Things seem not nearly as rosy for US shippers like Cheniere, who are entering the market amid a deep price slump. Cheniere in particular is undergoing corporate unrest with its Chief Executive Charif Souki resigning over the weekend in the aftermath of a boardroom coup. Having won on the geopolitical battlefield, will US LNG be able to compete effectively over the long-term, with oil-linked gas contracts hovering around $9 per million Btu in Asia and barely $6MMBtu in an unseasonably warm Europe?

For the most part, the answer is yes, say experts. Cheniere and other plant owners who receive tolls for cooling and loading the gas have little investment risk, while companies such as BG Group, Korea’s KOGAS, and India’s GAIL, who own capacity at Sabine Pass, will be able to supply its long-term contracts with spot market natural gas that is currently selling at around $2 per thousand cubic feet, the lowest levels since 2012.

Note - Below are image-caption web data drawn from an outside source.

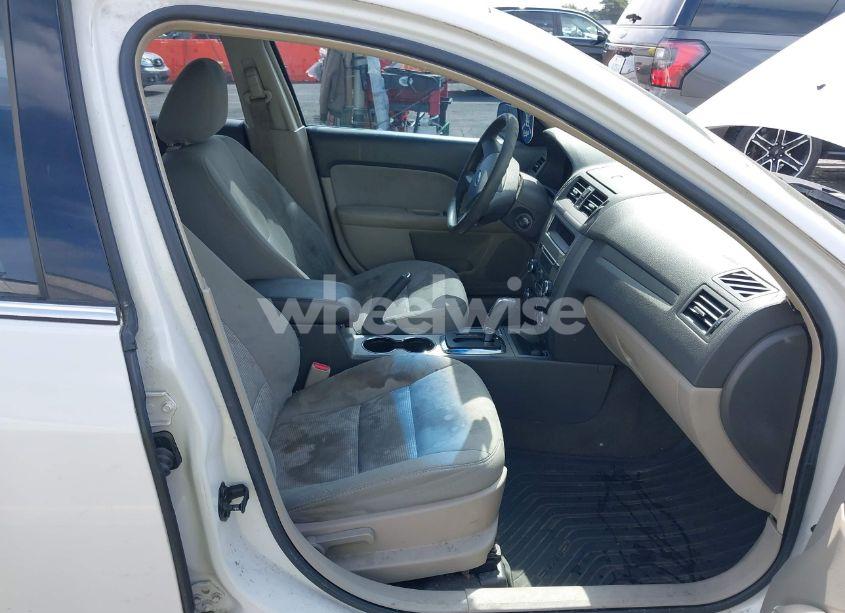 Photo 5 of 2010 Ford Fusion SE (VIN 3FAHP0HA2AR367436)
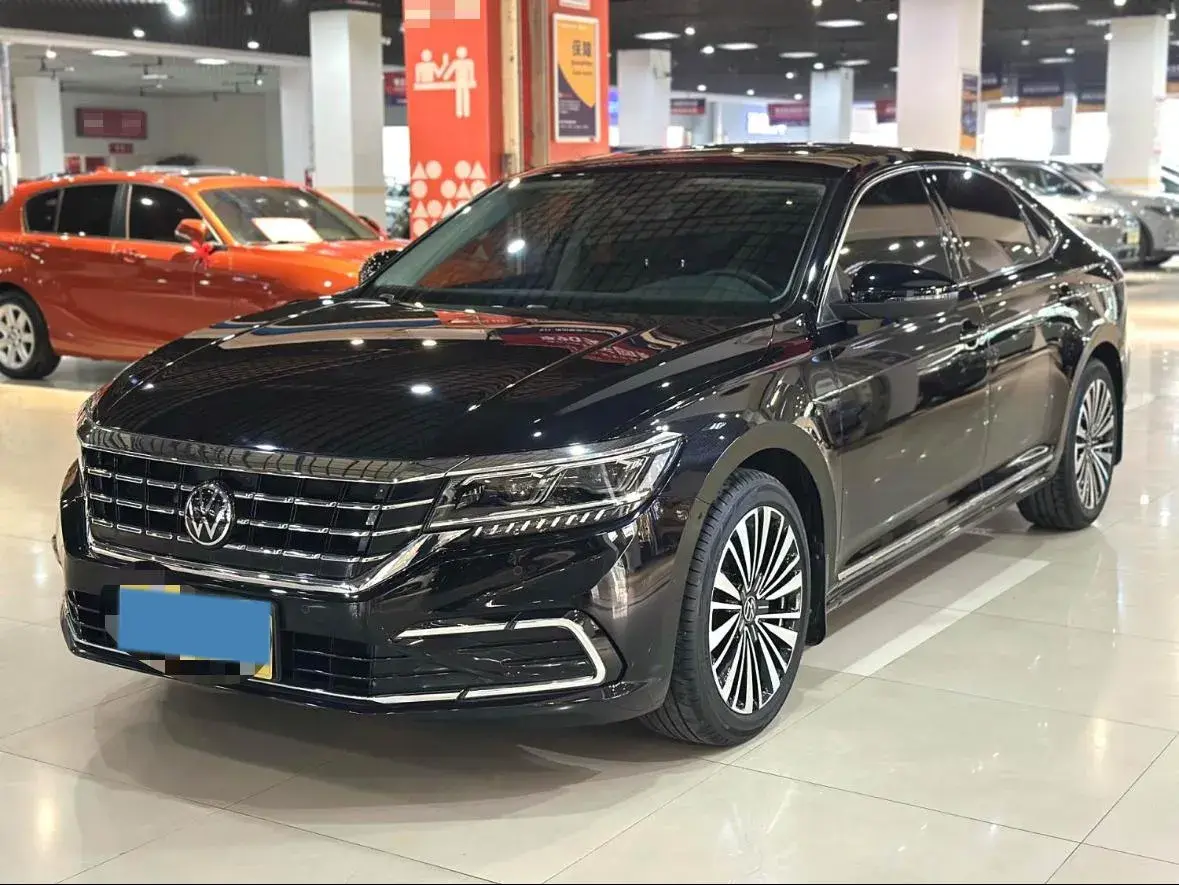 2021 VOLKSWAGEN PASSAT view 1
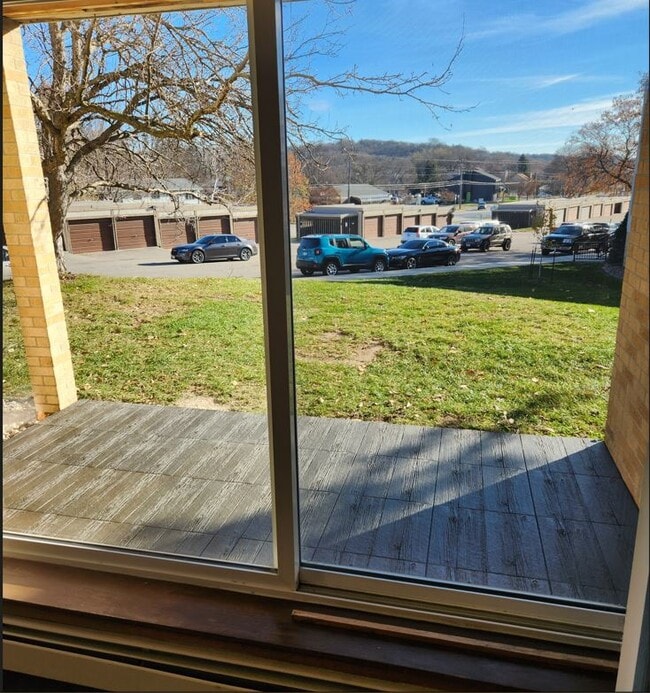 property at 358 Elton Hills Dr NW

Grabbing up a major portion of the export market for natural gas in the 21st Century was not part of Washington’s plan when the US began its secondary sanctions regime against the Islamic Republic, but geopolitics operates with a lot of misdirection, opportunity costs and unanticipated leverage points.

Because the political leverage and trade linkages developed via the LNG trade are only likely to deepen, it’s likely the value of being a major LNG supplier will create US advantages in diplomacy and geopolitics in the decades ahead, even if we don’t quite appreciate its ramifications today.